20155 London Program: Surveilling London: Sexuality, Race, and Power

This course investigates the experience of watching and being watched in London while giving students the opportunity to pursue a quarter-long individual research project. Through texts ranging in genre, medium and period, we will explore explicit and implicit surveillance in London: the formal modes of observing and regulating people in public (government CCTV, private security technology), and informal instances of overseeing and overhearing. How has London's literature, history, and culture registered its status as a site of particularly intense surveillance? We begin the quarter with theoretical (l-berlant, Michael Warner, Jeremy Bentham) and imaginative texts (Daniel Defoe, Oscar Wilde) alongside film and television (Francis Ford Coppola, Bodyguard) which illuminate the key paradox of how surveillance blatantly regulates public identities while, paradoxically, encouraging voyeurism of bodies labeled other or perverse.
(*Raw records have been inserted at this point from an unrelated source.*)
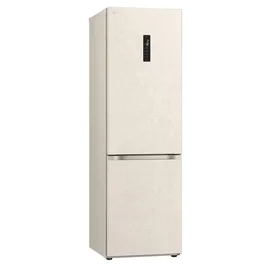 Холодильник LG GC-B459FEPW фото #1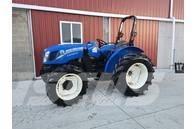 New Holland 60 Traktory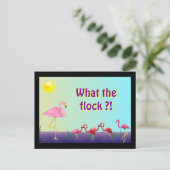 群 ポストカード (スタンド正面)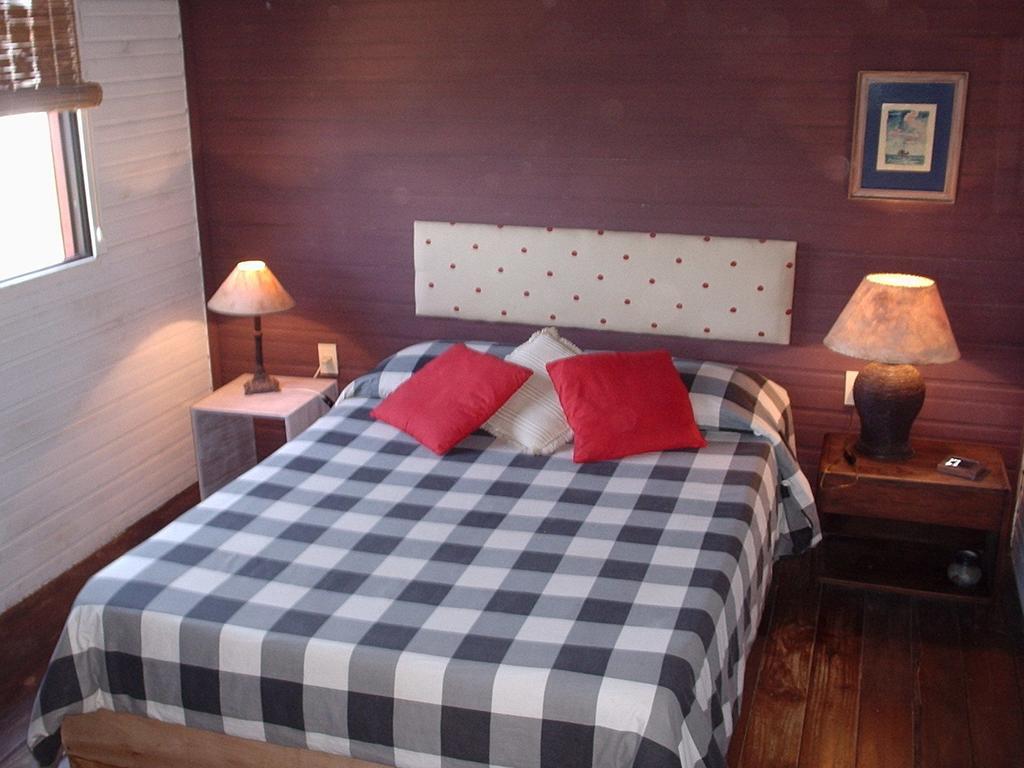 Terracota Y Chocolate Holiday home *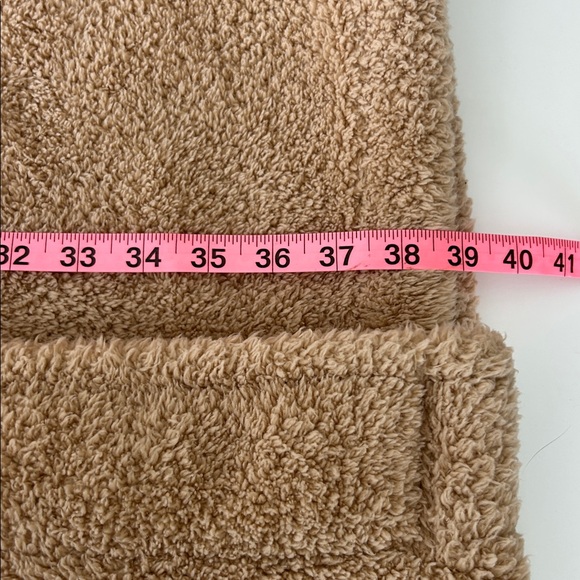 Pottery Barn Cozy Robe Small - Picture 8 of 15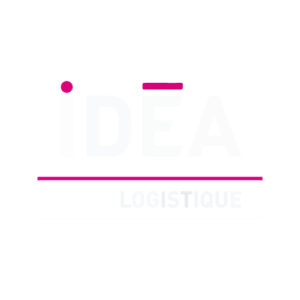 logo idea logistics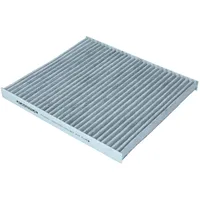Kamoka Filter, Innenraumluft F516701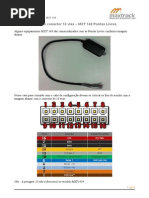 Tutorial Do MXT140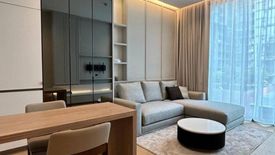 1 Bedroom Condo for rent in The Strand Thonglor, Khlong Tan Nuea, Bangkok near BTS Thong Lo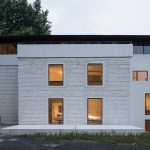 Lost Villa Boutique Hotel in Yucun, Moganshan by Naturalbuild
Fieldtrips to related historical and cultural sites will contextualize student research aims as we shift to independent projects in the second half of the course. Students will pursue archival and fieldwork opportunities in London with freedom to select topics under the umbrella of surveillance. Through rigorous engagement with course texts and individual research, students will strengthen textual analysis skills, become better acquainted with the city, and develop a reflexive relationship to their embodied and intellectual journeys through London.